We found a 7-11 open and bought a baloney Poor Boy and a regular quart of milk. We went to the Johnsons, doctored up the Poor Boy with cheese and toasted it. He loved it. The milk was wrong—he only drinks skim milk.
FINALLY WE got through all of this and Jack put up his feet and said, "I would like to have a cigar and I'm out of them."
No husband could produce a cigar. He couldn't have been nicer—said he'd smoked his quota on the way out so really shouldn't have one. Who else would have acted like this to save our feelings?
HE MUST use a pen a day, he never turns any one down. After the concert he signed at least 250 autographs. I thought we would never get him to the party.
He called his Mary every day in Palm Springs, where she was with friends playing golf and gin rummy. He doesn't own a Maxwell and never has. He doesn't have a Rochester, but he has Irving.

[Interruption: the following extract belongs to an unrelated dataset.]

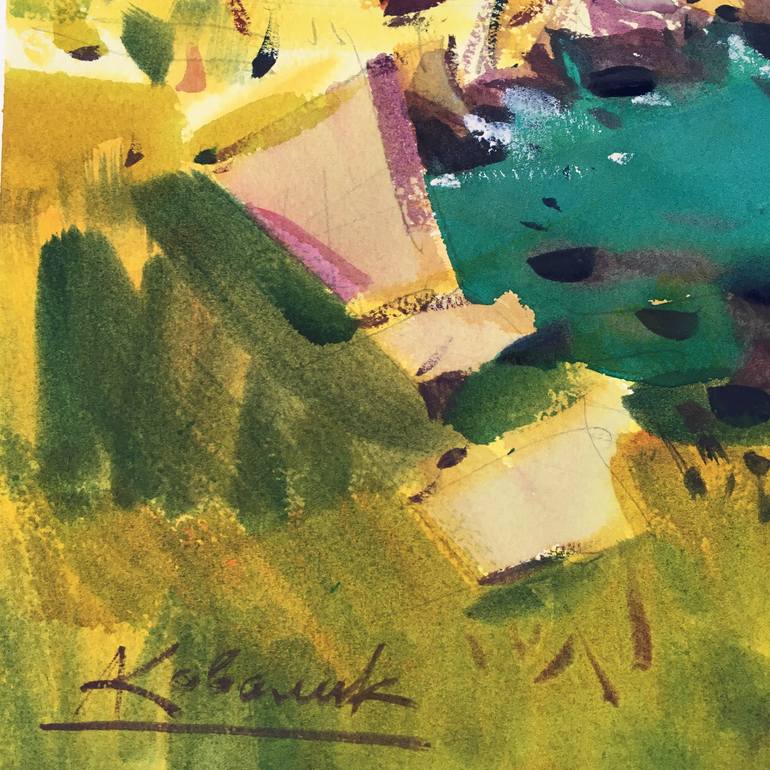 Original Impressionism Seascape Painting by Andrii Kovalyk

IRVING IS his manager and although he scared me at first he does a terrific job and I miss him, too. Jack looks much younger than 39 and asks no quarter from any one. He calls his wife every day and finds out her golf score or whether she has won or lost at gin rummy. He even sang "Happy Birthday" to a 20th birthday gal at the Skyline when they brought in her birthday cake. She almost fainted!
HIS STORIES and conversation are terrific. He was in Berlin four days after the armistice of World War II. He was doing a show over there and after the armistice he couldn't find any of our boys to play for, so he followed them into Berlin.
He has an orange grove and a ranch in California. We gave him some lousy weather, but he didn't complain, didn't even make a snide remark about the weather here or California. I would have.
HELEN RYAN started working to get Jack Benny here 21 years ago, and finally we had him and he LIKES us. His audience at the benefit he liked—he liked the party afterwards—it was not the cost plush party, but it didn't cost $5,000 or $10,000—every penny HE made for us went directly to the Symphony deficit and Jack Benny likes that. He doesn't want to donate his time and have a lot spent on the party afterwards.
Jack remarked several times that our conductor, Henry Mazer, was one of the easiest to work with. He liked us and we loved him.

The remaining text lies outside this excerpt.